Verse 4 brings out that one should not leave his post of duty just because the ruler offended him, for submission will bring calm to even the greatest offences. In Solomon’s day, riding horses denoted honor and prestige, and the writer used this as an analogy in verses 5-7 to point out that rulers often placed incompetent individuals in high positions, while the qualified were given a lower status.
Verses 8-10 teach that using wisdom when performing ordinary tasks can prevent one from being unnecessarily harmed. In verses 11-15, Solomon contrasted the words of the wise with those of the foolish. While the wise man’s words are gracious, the fool will ultimately be destroyed by his own words. Verse 15 is a proverb which may have been meant to denote that foolish behavior causes one to be ignorant of even the simplest things in life.
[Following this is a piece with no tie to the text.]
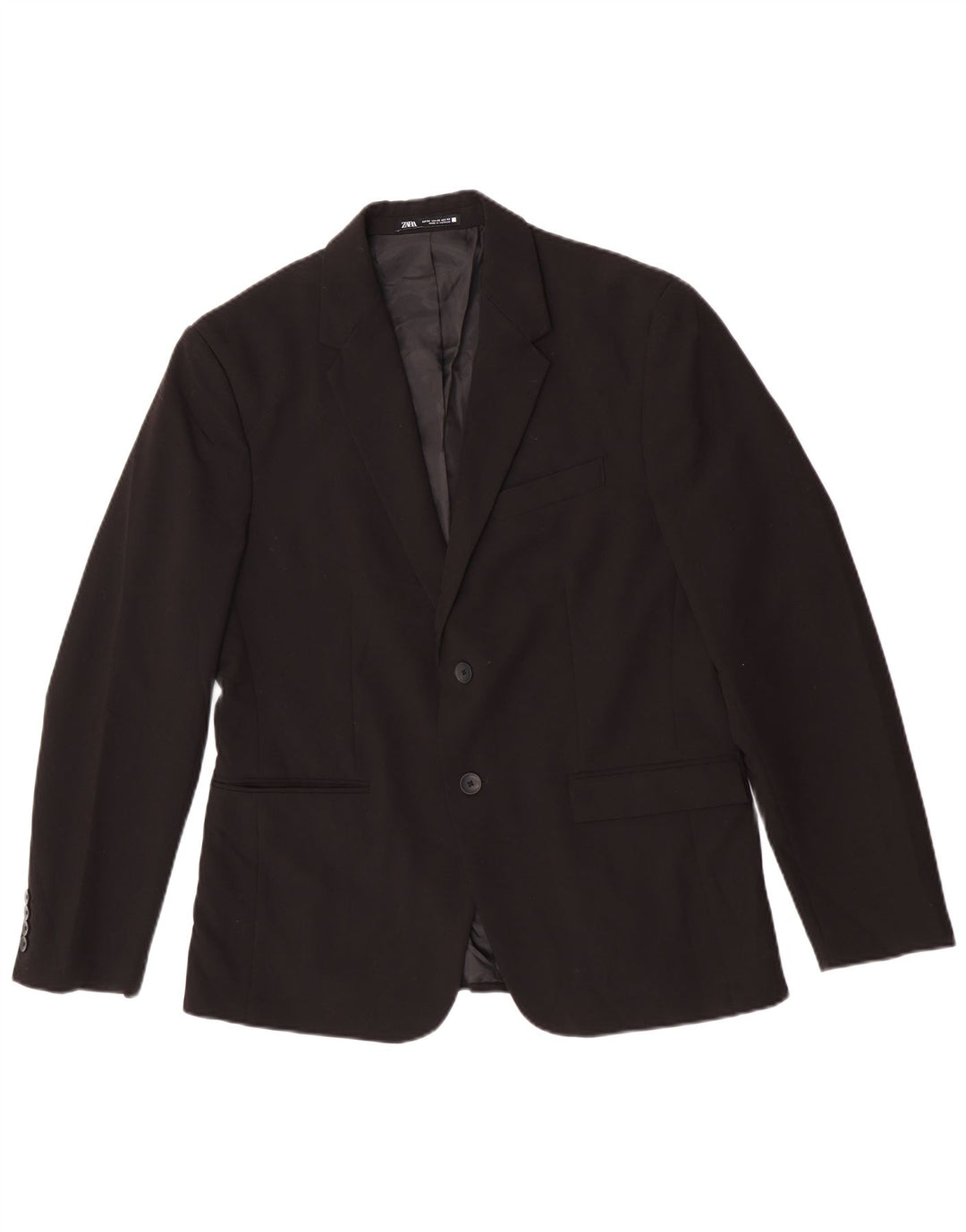 Jaqueta blazer masculina Zara com 2 botões EU 52 grande poliéster preto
In verses 16-19, the author implied that when a ruler was immature or foolish, and allowed his princes to feast in the morning rather than labor, the kingdom would suffer. Laziness and idleness only result in decay and neglect, but hard work provides the resources with which to enjoy the pleasures of good living.
Verse 20 may have initiated the saying, “A little bird told me.” It cautions against speaking or thinking evil of those in authority, because someone could repeat it.
(Hannah’s Bible Outlines - Used by permission per WORDsearch)
III. The theme applied
B. Advice concerning wisdom
1. The exaltation of wisdom (9:13-18)
2. The conduct of wisdom (10:1-20)
a. Wisdom and foolishness contrasted (10:1-3)
b. Wisdom and social status (10:4-7)
c. Wisdom advocated (10:8-10)
d. Wisdom and words (10:11-15)
e. Wisdom and the king (10:16-20)
There are many nuggets of sagacious advice in Solomon’s proverbial statements. We want to pay attention to and learn from his observations and experiences.